“He’s got the rest of the cowboys to rile. Brocius, and John Ringo, for instance, are a little different than Ike and the McLaurys.”

“Are you afraid of them?”

Wyatt shrugged.

“Thinking about that doesn’t do me much good one way or the other,” he said.

“And you have friends,” Josie said.

“I do,” Wyatt said and smiled. “And my brother Warren came in from California. He’s planning to stay awhile.”

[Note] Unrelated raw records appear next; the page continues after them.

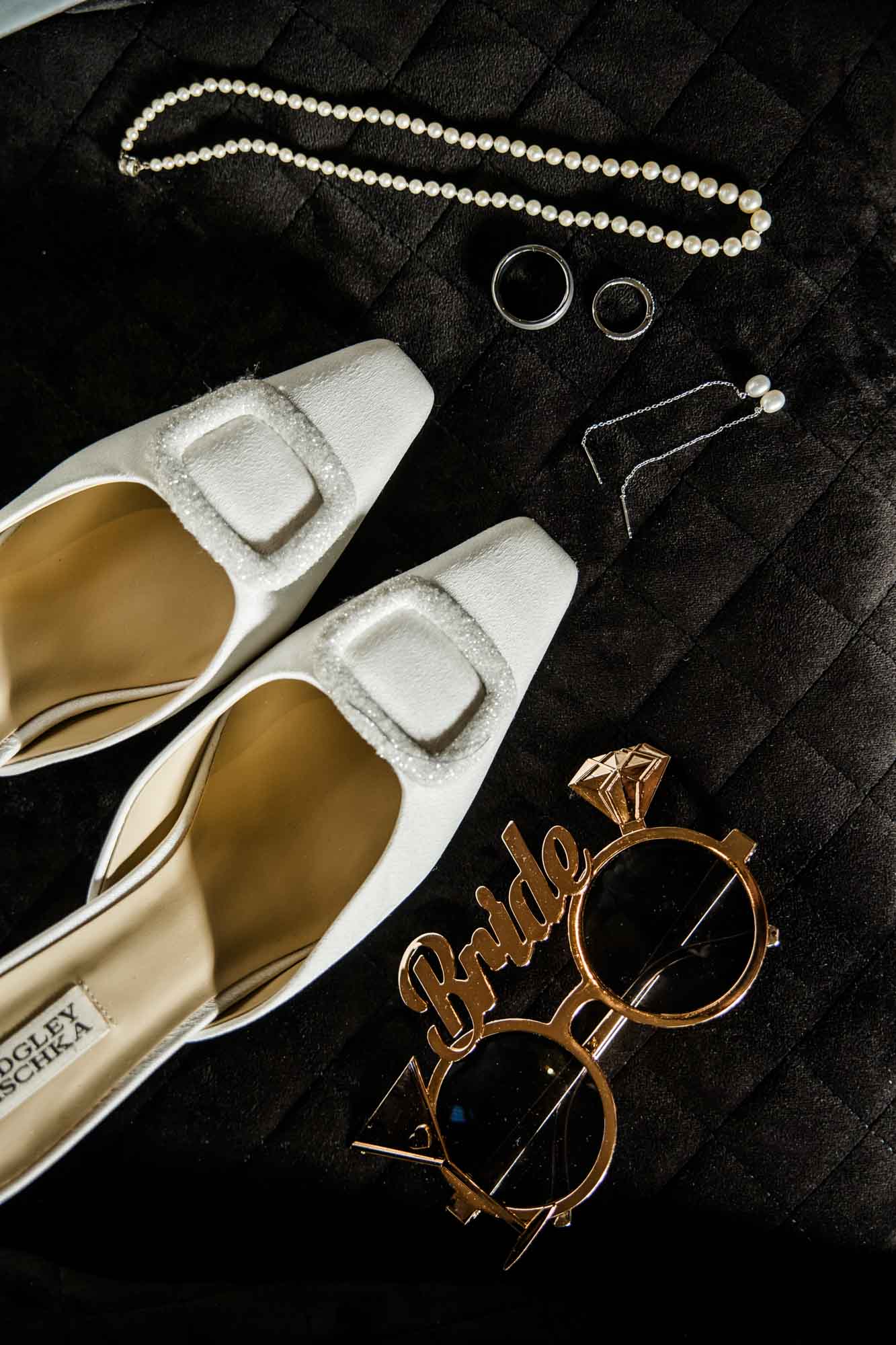 Calgary wedding photographer, bride getting ready on her wedding day, candid, documentary, storytelling photography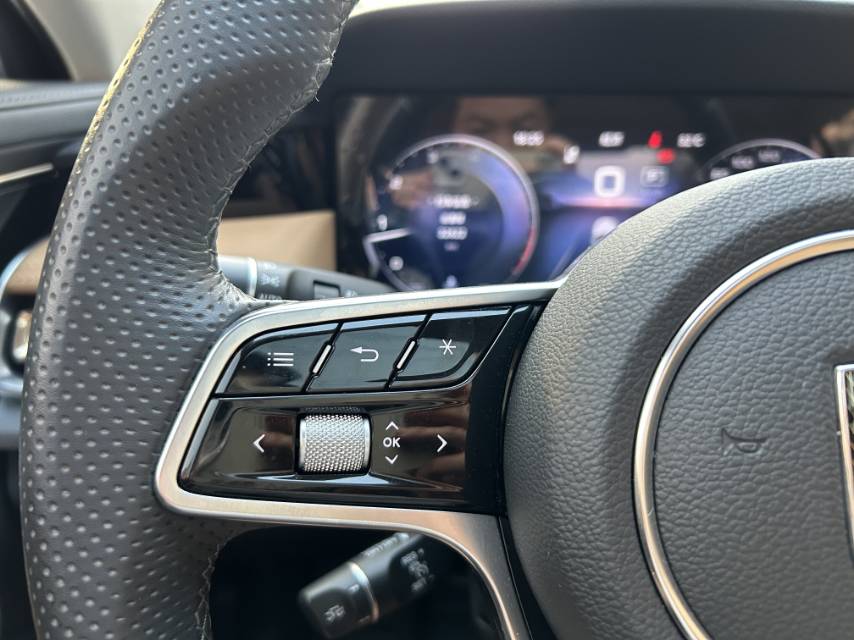 Hongqi H5 2023 2.0T Smart Connect Flagship Comfort Edition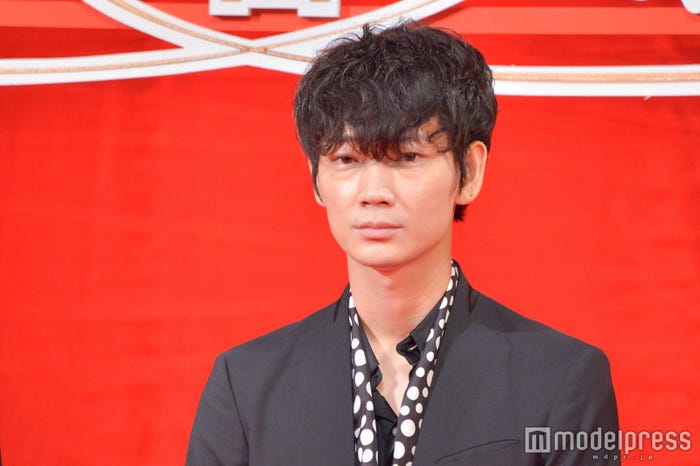 綾野剛 (C)モデルプレス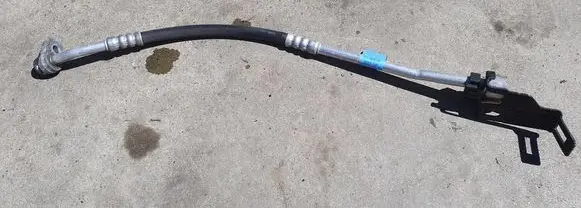 Ford Focus Air conditioning (A/C) pipe/hose F1F119D567AB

“Is he like you?” Josie said.

“He’s more like Morgan.”

“Kind of likes trouble?” Josie said.

“Kind of.”

“If only Johnny would just come out in the open,” she said.

Wyatt shook his head.

“It’s not Johnny’s way,” Wyatt said.

“I don’t know what to wish,” Josie said. “I can’t wish that we hadn’t met.”

“No, you can’t wish that,” Wyatt said. “Whatever comes of all this, we are worth whatever it costs.”

“Then I wish someone would kill Johnny.”

“Someone would have to murder him,” Wyatt said. “He won’t come at you straight on.”

“Could you murder him?”

“No.”

“You’ve shot men before.”

“It’s not just what you do, it’s how you do it,” Wyatt said. “And I think I promised you I wouldn’t.”

“I know,” Josie said. “I know.”

“Shooting the sheriff is serious business. There’s some law out here now. Hell, I’m supposed to be part of it sometimes.”

“Maybe Doc,” Josie said.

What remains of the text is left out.